START Dataset
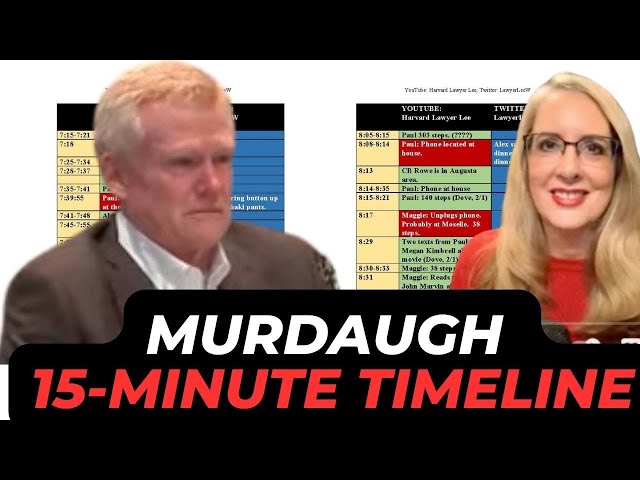 Murdaugh Murders: Lawyer's 15-Minute Timeline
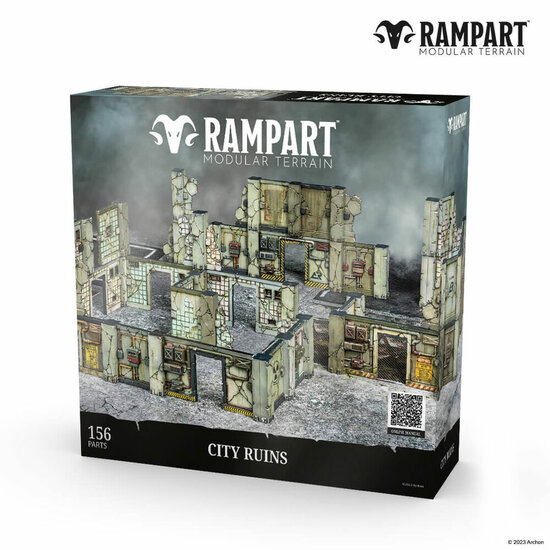 Archon Studio RAM0007 Modular Terrain: CITY RUINS
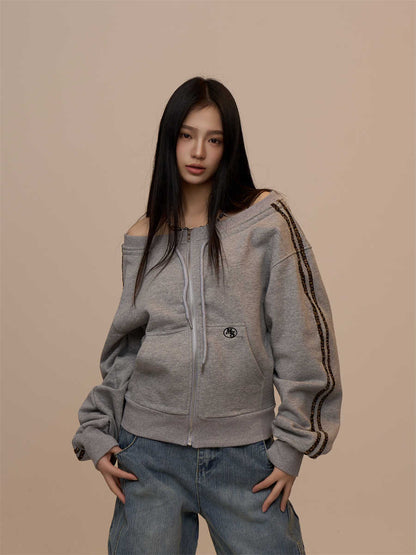 FlexGlam Off-Shoulder Sweater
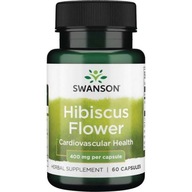 Suplement diety Swanson Health Products Hibiscus Flower Swanson błonnik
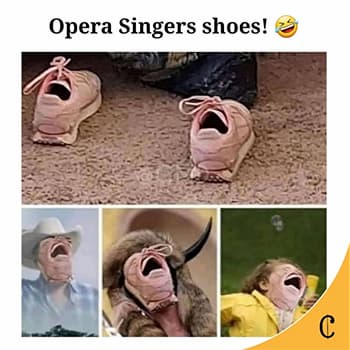 opera singers shoes joke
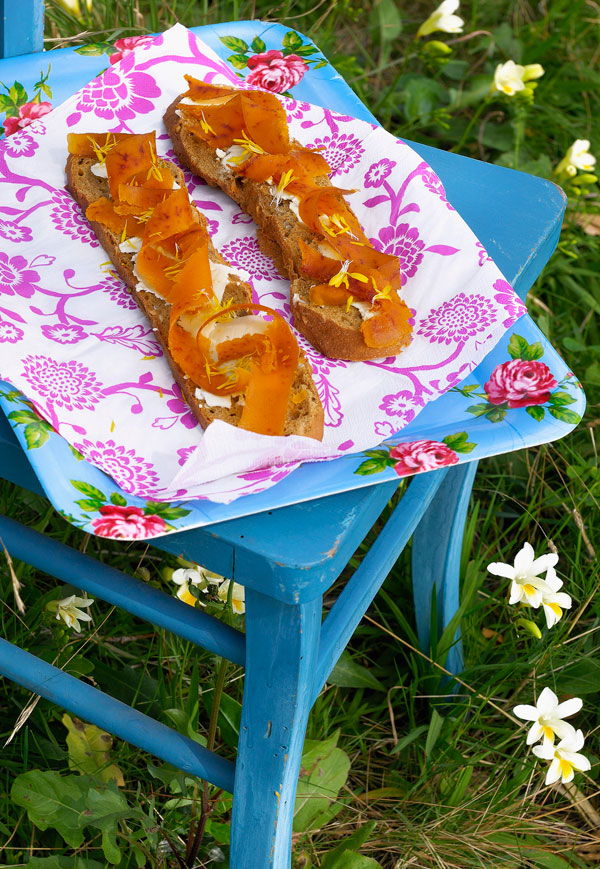 Tartine à la poutargue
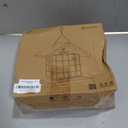 Kingsyard Recycled Plastic Double Suet Feeder with Rainproof Roof & Perch, Cage Suet Bird Feeders for Outdoors Hanging, Great for Woodpecker, Chickadee, Nuthatch (Green)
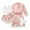 Pink, variant on Spring Savings Clearance Lindreshi Lingerie Sets for Women 2pc Set 4-Piece Women Sexy Garter Lingerie Set Robes Lace Bodysuit Deep-V Neck Underwear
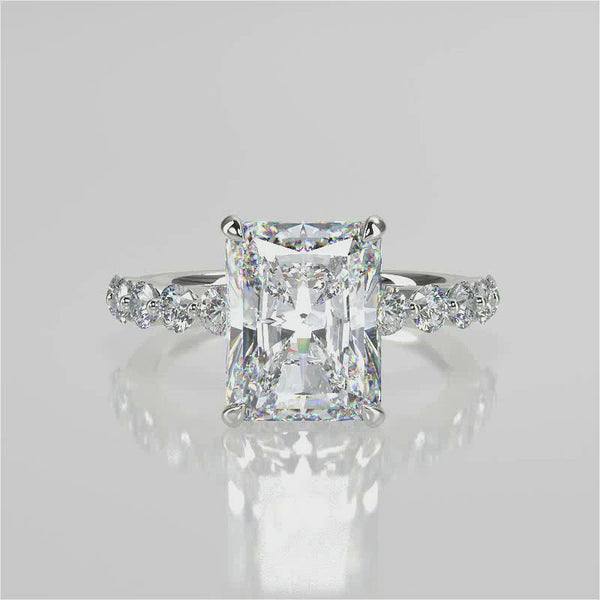 Aria Moissanite Engagement Ring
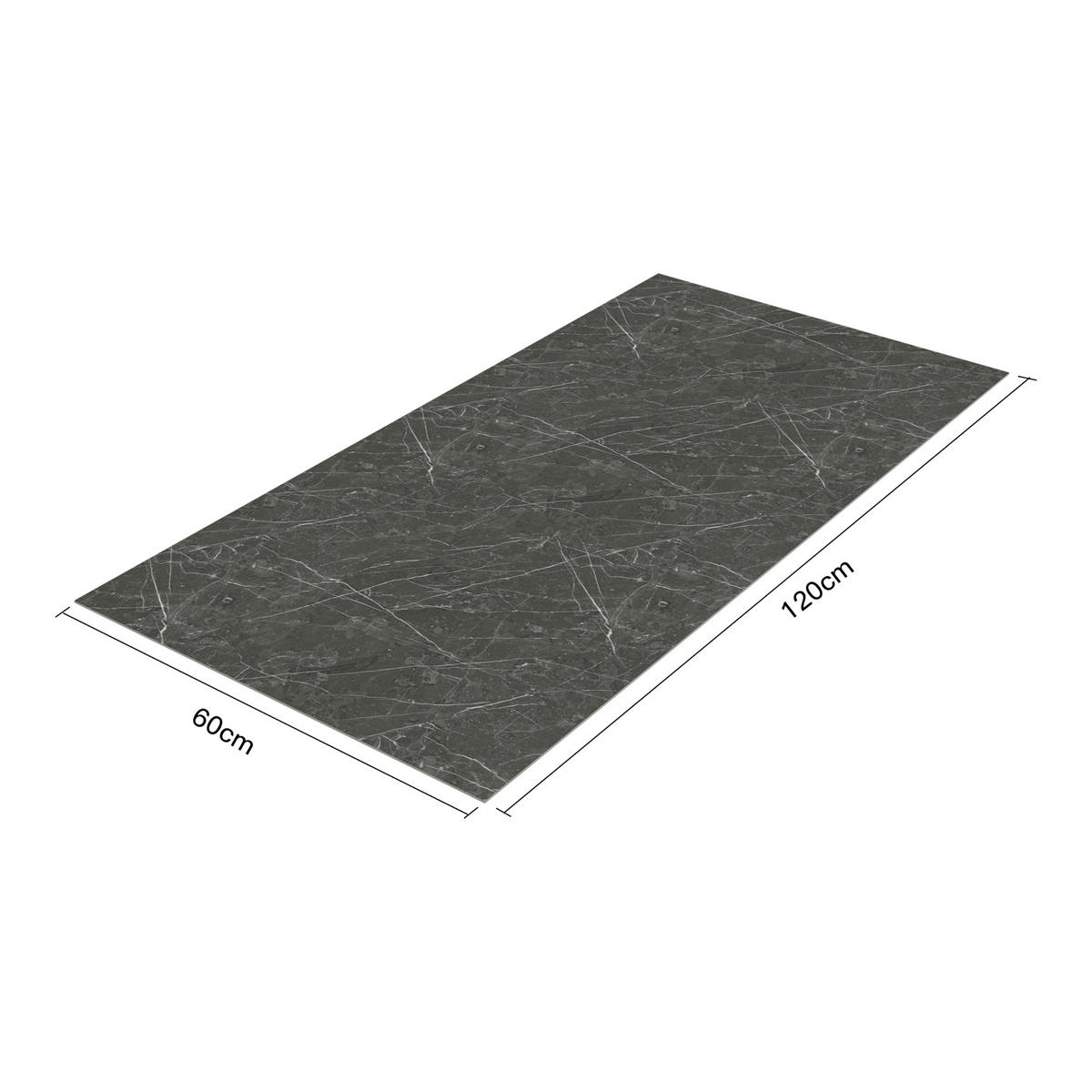 DUSCHRÜCKWAND-SET 4 TLG. Bladel - Dunkelgrau/Weiß, Kunststoff (60/120/0.3cm) - [neu.haus]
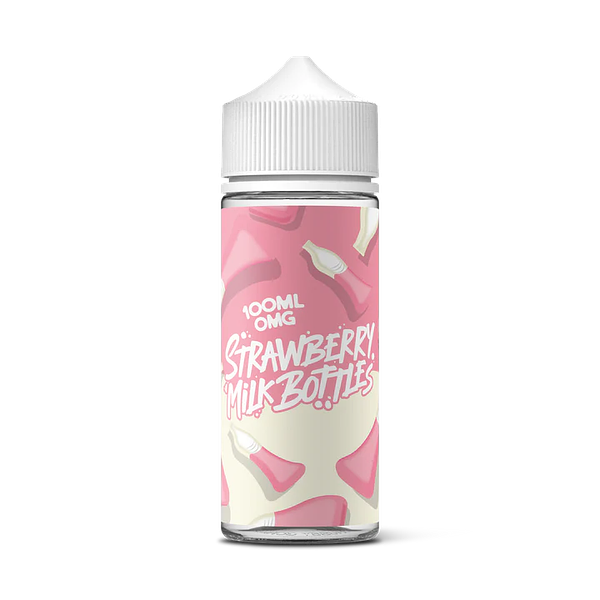 Strawberry Milk Bottles - 100ml Shortfill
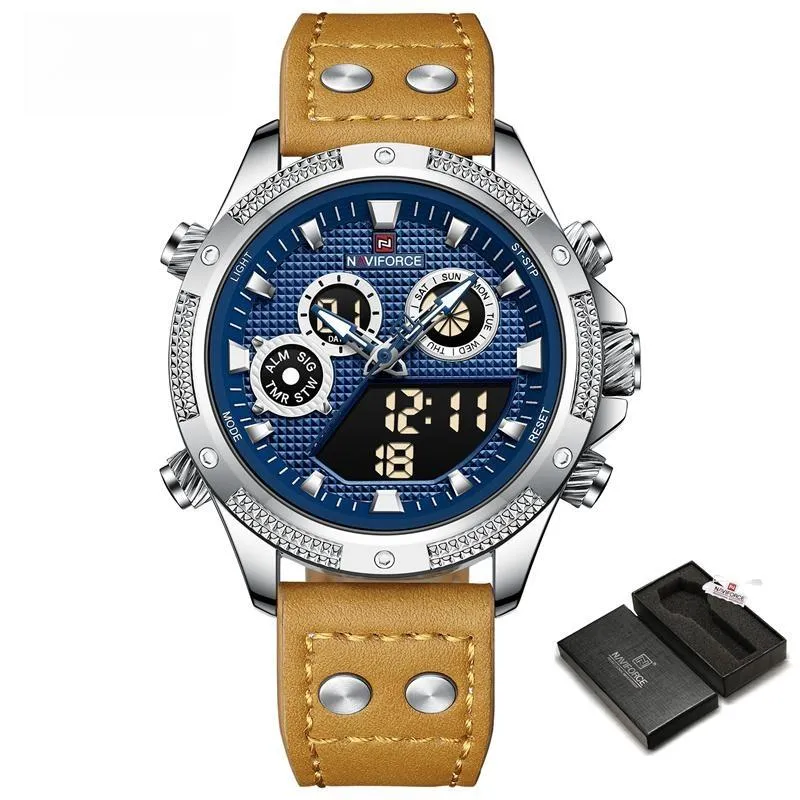 New Watch For Men Fashion Sport Waterproof Quartz Wristwatch LED Digital Sport Male Clock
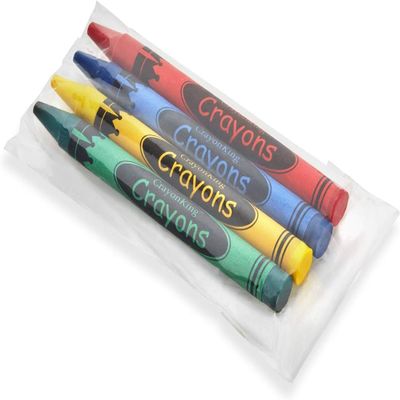CrayonKing 25 Sets of 4-Packs (100 Bulk Crayons) Non-Toxic, Individually Wrapped, Perfect for Parties, Restaurants, Classrooms & More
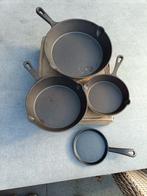 Nieuwe Skillet Set - 4 Stuks, Gietijzer, Nieuw, Pannenset, Ophalen of Verzenden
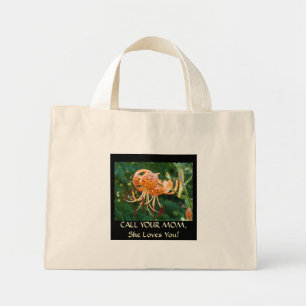 RUF DEINE MUTTER an Sie liebt dich! Canvas-Tasche Mini Stoffbeutel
END Dataset
● Assignment
Using the data above, retype exactly the lines from the line with "FlexGlam Off-Shoulder Sweater" to the line with "Pink, variant on", inclusive. No pictures and nothing else.

● Response area
 FlexGlam Off-Shoulder Sweater
 Suplement diety Swanson Health Products Hibiscus Flower Swanson błonnik
 opera singers shoes joke
 Tartine à la poutargue
 Kingsyard Recycled Plastic Double Suet Feeder with Rainproof Roof & Perch, Cage Suet Bird Feeders for Outdoors Hanging, Great for Woodpecker, Chickadee, Nuthatch (Green)
 Pink, variant on Spring Savings Clearance Lindreshi Lingerie Sets for Women 2pc Set 4-Piece Women Sexy Garter Lingerie Set Robes Lace Bodysuit Deep-V Neck Underwear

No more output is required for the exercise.